### ENTRIES PROVIDED
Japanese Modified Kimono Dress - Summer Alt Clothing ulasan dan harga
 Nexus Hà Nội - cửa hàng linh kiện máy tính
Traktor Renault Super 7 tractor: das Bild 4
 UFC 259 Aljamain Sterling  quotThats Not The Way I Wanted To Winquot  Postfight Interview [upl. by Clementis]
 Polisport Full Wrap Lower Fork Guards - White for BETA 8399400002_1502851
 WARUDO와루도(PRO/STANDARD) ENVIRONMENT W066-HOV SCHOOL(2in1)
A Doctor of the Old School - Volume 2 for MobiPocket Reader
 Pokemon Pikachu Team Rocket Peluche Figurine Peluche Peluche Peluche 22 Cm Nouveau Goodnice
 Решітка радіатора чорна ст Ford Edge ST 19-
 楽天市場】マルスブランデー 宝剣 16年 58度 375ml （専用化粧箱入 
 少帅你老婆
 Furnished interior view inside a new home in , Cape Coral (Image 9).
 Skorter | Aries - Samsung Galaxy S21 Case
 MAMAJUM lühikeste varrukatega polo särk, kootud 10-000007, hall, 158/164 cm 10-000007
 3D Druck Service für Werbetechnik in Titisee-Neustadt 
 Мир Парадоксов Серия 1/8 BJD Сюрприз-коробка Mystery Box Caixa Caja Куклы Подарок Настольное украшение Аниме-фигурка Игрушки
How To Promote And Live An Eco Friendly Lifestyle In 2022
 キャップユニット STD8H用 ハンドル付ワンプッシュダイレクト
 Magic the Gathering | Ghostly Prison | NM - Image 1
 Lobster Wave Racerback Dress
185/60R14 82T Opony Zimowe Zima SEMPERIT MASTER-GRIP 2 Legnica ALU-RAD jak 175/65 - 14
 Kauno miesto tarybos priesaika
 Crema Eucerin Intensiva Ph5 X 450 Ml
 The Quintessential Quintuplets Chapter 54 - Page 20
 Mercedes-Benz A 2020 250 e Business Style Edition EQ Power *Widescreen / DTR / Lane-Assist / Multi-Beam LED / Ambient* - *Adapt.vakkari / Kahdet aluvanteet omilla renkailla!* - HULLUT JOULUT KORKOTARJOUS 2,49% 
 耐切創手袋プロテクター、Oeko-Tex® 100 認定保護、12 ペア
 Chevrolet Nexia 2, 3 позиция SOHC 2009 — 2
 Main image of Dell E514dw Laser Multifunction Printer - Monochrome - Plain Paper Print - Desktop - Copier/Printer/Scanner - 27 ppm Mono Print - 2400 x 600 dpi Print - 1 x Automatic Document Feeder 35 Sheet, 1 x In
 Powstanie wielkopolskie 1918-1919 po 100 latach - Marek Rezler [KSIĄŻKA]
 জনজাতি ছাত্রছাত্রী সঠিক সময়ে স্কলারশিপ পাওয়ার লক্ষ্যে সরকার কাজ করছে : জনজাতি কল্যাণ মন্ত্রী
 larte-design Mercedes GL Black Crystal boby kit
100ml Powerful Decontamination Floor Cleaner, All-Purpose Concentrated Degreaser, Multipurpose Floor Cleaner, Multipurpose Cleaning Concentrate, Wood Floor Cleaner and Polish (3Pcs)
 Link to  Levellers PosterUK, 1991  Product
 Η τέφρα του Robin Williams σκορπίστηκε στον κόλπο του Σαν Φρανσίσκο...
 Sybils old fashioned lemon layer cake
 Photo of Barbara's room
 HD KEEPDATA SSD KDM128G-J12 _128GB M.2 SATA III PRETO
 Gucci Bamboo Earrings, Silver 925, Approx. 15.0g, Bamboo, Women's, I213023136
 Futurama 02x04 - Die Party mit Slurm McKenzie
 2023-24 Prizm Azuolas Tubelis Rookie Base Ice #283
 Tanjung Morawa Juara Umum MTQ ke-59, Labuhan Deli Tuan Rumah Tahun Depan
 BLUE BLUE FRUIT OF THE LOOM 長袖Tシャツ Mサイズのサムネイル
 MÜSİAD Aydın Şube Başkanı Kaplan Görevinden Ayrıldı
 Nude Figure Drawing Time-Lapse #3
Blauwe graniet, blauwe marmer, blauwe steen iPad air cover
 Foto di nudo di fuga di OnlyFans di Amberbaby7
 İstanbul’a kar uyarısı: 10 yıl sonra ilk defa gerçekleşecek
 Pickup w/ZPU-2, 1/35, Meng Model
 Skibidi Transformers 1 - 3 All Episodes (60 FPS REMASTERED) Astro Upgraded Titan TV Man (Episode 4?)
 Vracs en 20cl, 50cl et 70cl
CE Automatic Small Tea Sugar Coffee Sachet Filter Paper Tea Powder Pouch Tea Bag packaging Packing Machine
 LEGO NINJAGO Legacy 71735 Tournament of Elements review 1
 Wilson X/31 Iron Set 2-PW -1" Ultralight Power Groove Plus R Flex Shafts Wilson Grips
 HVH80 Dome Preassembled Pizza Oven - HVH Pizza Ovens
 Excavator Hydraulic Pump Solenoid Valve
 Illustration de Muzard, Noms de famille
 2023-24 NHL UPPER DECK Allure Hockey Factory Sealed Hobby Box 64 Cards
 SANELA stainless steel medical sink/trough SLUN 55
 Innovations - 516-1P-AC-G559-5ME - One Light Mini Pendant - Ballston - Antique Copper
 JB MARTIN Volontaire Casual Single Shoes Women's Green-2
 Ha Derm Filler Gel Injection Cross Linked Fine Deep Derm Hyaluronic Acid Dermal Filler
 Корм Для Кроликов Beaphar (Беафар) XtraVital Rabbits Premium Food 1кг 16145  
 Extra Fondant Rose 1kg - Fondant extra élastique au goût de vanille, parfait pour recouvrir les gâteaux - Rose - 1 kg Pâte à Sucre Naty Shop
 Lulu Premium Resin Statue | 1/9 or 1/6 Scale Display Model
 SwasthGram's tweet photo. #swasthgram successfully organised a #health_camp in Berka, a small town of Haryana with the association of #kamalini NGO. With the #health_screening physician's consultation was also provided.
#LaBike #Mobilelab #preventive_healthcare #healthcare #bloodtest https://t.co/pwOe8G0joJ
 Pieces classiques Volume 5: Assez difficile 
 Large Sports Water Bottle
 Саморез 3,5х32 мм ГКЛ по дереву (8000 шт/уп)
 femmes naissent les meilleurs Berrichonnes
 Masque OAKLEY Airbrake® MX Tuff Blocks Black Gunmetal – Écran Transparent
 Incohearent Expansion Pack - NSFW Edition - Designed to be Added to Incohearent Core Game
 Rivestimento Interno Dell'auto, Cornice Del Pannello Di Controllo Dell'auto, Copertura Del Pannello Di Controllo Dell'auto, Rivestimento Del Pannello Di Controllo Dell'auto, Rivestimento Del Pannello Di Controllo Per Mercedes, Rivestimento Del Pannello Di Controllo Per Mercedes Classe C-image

### EXERCISE
Print the lines above from the one with "Lulu Premium Resin" through the one with "Large Sports Water Bottle", both included, exactly as written and nothing more.

### ANSWER FOR THE TASK
 Lulu Premium Resin Statue | 1/9 or 1/6 Scale Display Model
 SwasthGram's tweet photo. #swasthgram successfully organised a #health_camp in Berka, a small town of Haryana with the association of #kamalini NGO. With the #health_screening physician's consultation was also provided.
#LaBike #Mobilelab #preventive_healthcare #healthcare #bloodtest https://t.co/pwOe8G0joJ
 Pieces classiques Volume 5: Assez difficile 
 Large Sports Water Bottle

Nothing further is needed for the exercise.